Hello George, thanks for joining me today. Before we talk about Philips Hue, I want to start with Signify itself. For readers who are not familiar with the company, can you briefly explain how Signify began and how it grew into the lighting company it is today?

GEORGE: “So, Signify goes back quite a long way. We are the spin-off of Philips’ lighting division. Philips itself started as a lighting company back in 1892. It was the first European company to industrialize artificial light, so there is a very long heritage there.”

“Over the last 120 years, Philips grew and diversified into many different activities, and in more recent years, it also spun off a lot of those divisions. Large companies like NXP, ASML, TomTom, and TP Vision all started as spin-offs or joint ventures of Philips. The lighting division followed the same path. It spun off in 2016 via an IPO. At first, it was called Philips Lighting. When Philips no longer had a majority shareholding, we rebranded to Signify, while keeping the Philips brand under an exclusive brand license for lighting products.”

“Philips Hue originally launched as part of Philips, but was included in that spin-off and became part of Signify. Today, Signify is the world’s largest manufacturer and provider of artificial lighting. We are active in every segment, from lighting football stadiums, monuments, and landmarks like the Eiffel Tower and the Empire State Building, to office and retail lighting, to the regular bulbs you buy for your home, and of course, the new class of smart bulbs like Philips Hue.”

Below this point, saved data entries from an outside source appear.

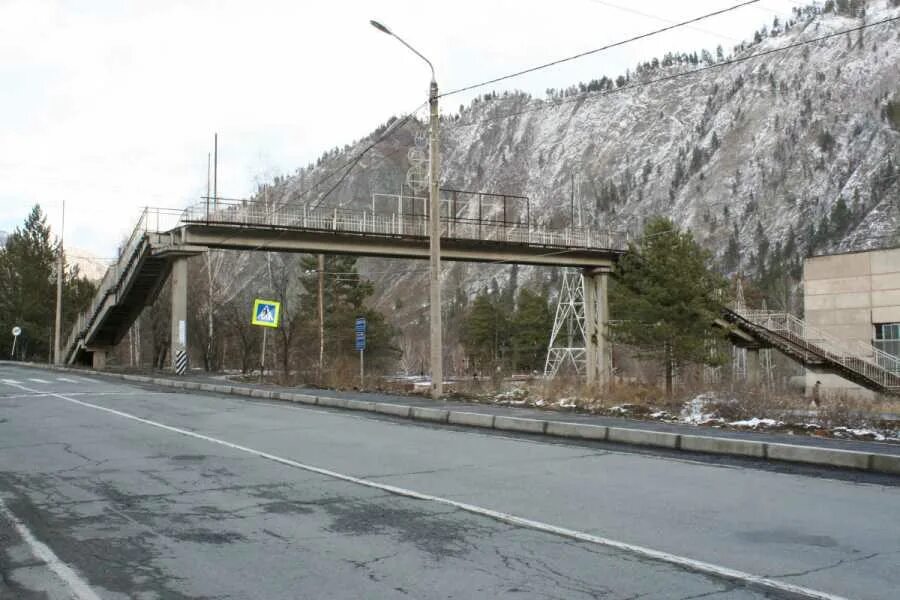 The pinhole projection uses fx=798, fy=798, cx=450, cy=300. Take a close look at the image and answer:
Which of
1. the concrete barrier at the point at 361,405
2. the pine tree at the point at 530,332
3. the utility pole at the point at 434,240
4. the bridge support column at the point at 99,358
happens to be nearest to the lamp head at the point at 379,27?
the utility pole at the point at 434,240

George Yianni Hue At Trade Show

Signify owns several smart lighting brands, including Philips Hue and WiZ. For people who get confused by all the names, can you explain the differences between these brands and what role each one plays in your portfolio?

GEORGE: “We offer two different consumer smart lighting systems at Signify. One is Philips Hue, and the other is WiZ, and they differ in both market positioning and the core technology stack they use.”

“Philips Hue is based on Zigbee, which is a low-power wireless mesh network technology inside the home. It gives you very fast, reliable full home coverage. There is a bridge in the home that serves as a central edge-computing resource. It allows automations, switch behavior, and real-time functionality to run locally, without relying on the cloud. Hue is really positioned as a full-system offering. If you want multi-room smart lighting that works seamlessly with sensors, switches, and smart home integrations, Philips Hue is the best solution you can buy.”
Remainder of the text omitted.